[The records]
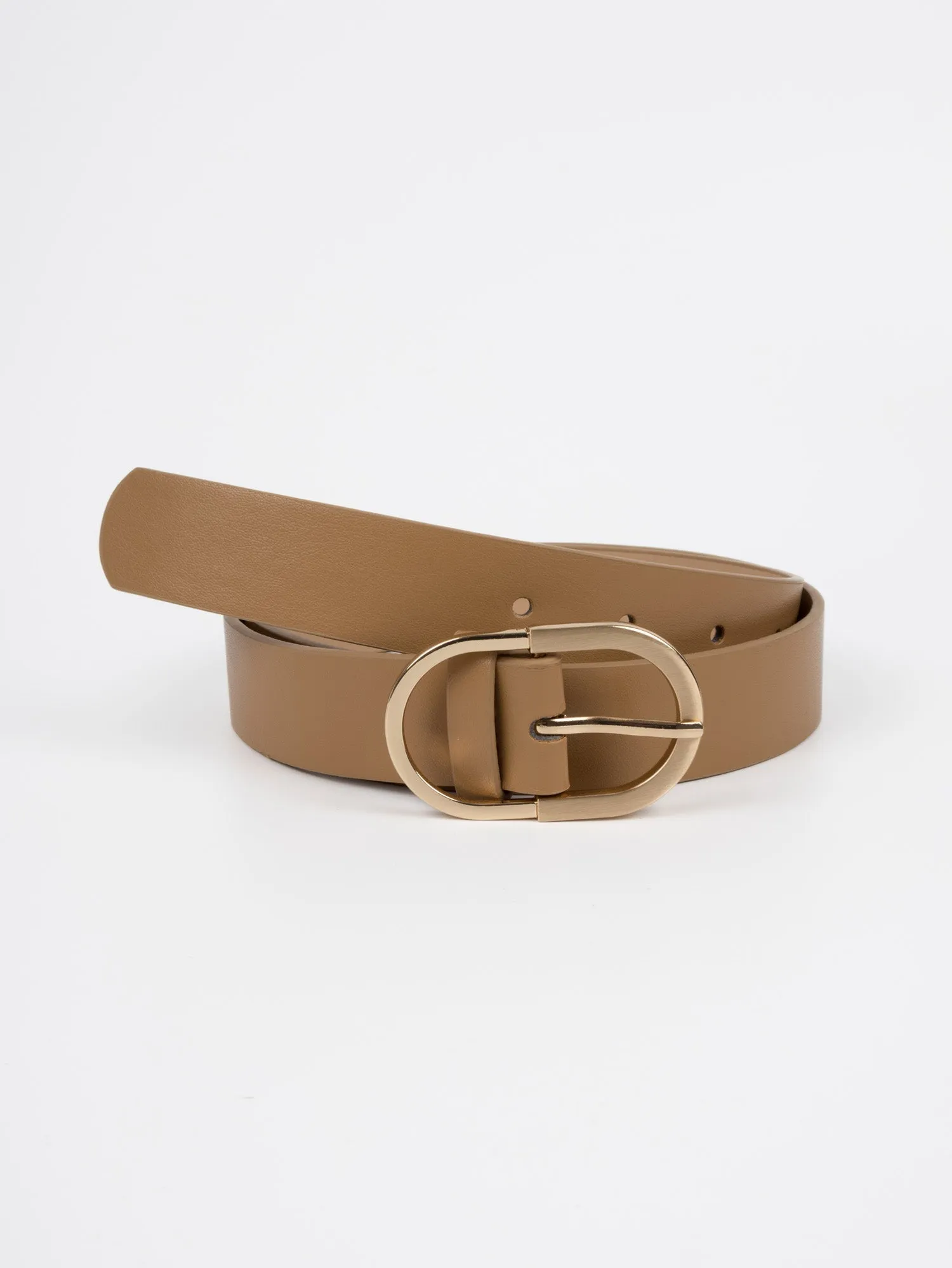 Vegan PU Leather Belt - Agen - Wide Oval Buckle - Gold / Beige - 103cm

---

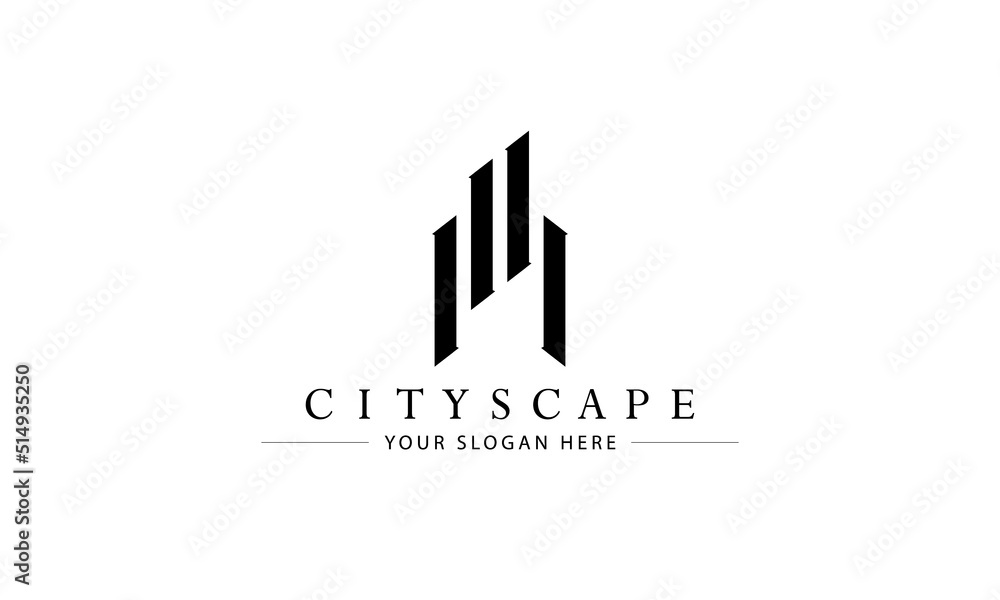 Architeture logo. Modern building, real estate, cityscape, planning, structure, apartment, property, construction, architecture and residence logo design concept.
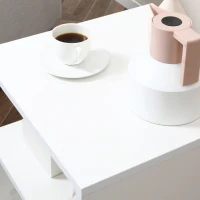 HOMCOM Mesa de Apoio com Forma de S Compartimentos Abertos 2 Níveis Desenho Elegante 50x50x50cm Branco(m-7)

[What to produce]
Would you set down only the lines above from the line with "Architeture logo. Modern" to the line with "HOMCOM Mesa de", both included, exactly as they stand and without the pictures?

[Exercise response]
 Architeture logo. Modern building, real estate, cityscape, planning, structure, apartment, property, construction, architecture and residence logo design concept.
 HOMCOM Mesa de Apoio com Forma de S Compartimentos Abertos 2 Níveis Desenho Elegante 50x50x50cm Branco(m-7)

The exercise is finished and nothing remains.